Au cours de plus d'une centaine de vols d'organes, j'ai transporté environ 200 médecins, et (à quelques unités près, j'en ai sans doute oublié quelques uns) : un pancréas, un intestin, 11 reins, 16 coeurs, 23 paires de poumons, 75 foies. Et, au cours du transport "organe" dont je suis le plus fier, un visage. C'était en juin 2011, pour la première mondiale du professeur Lantieri qui a greffé un visage complet, y compris les paupières et le système lacrymal.

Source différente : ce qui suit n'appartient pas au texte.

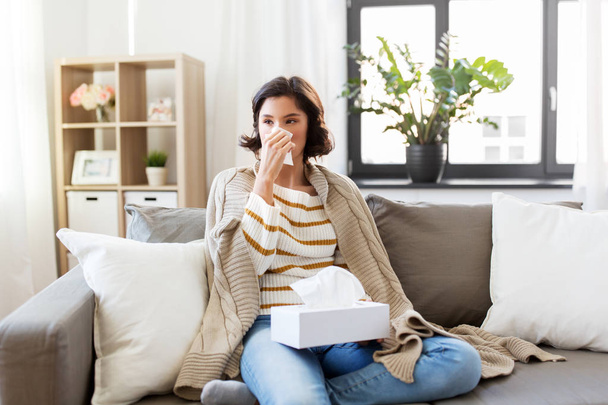 sick woman blowing nose in paper tissue at home - Foto, Imagem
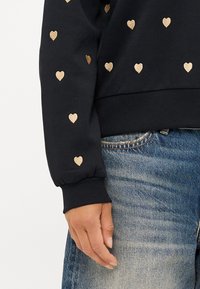 Un sweat-shirt noir avec des motifs de cœurs dorés, des poignets et un ourlet côtelés. Assorti avec un jean bleu, mettant en avant un style décontracté.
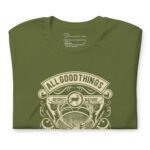 A folded All Good Things Are Wild And Free Unisex Heavy Cotton Tee in olive green showcases a nature-inspired design, with the words "All Good Things Are Wild And Free" and "Respect Nature" elegantly printed in beige.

Je n'ai pas le compte exact des personnes transportées en rapatriement sanitaires, ni en passagers, mais ça en fait un paquet aussi.
Les points positifs :
- J'ai trouvé un boulot, et rapidement (6 mois après la fin de mon CPL/IR, 4 mois et demi après la fin de mon stage FI). C'est un gros point positif, quand on voit le nombre de personnes qui n'en trouvent pas.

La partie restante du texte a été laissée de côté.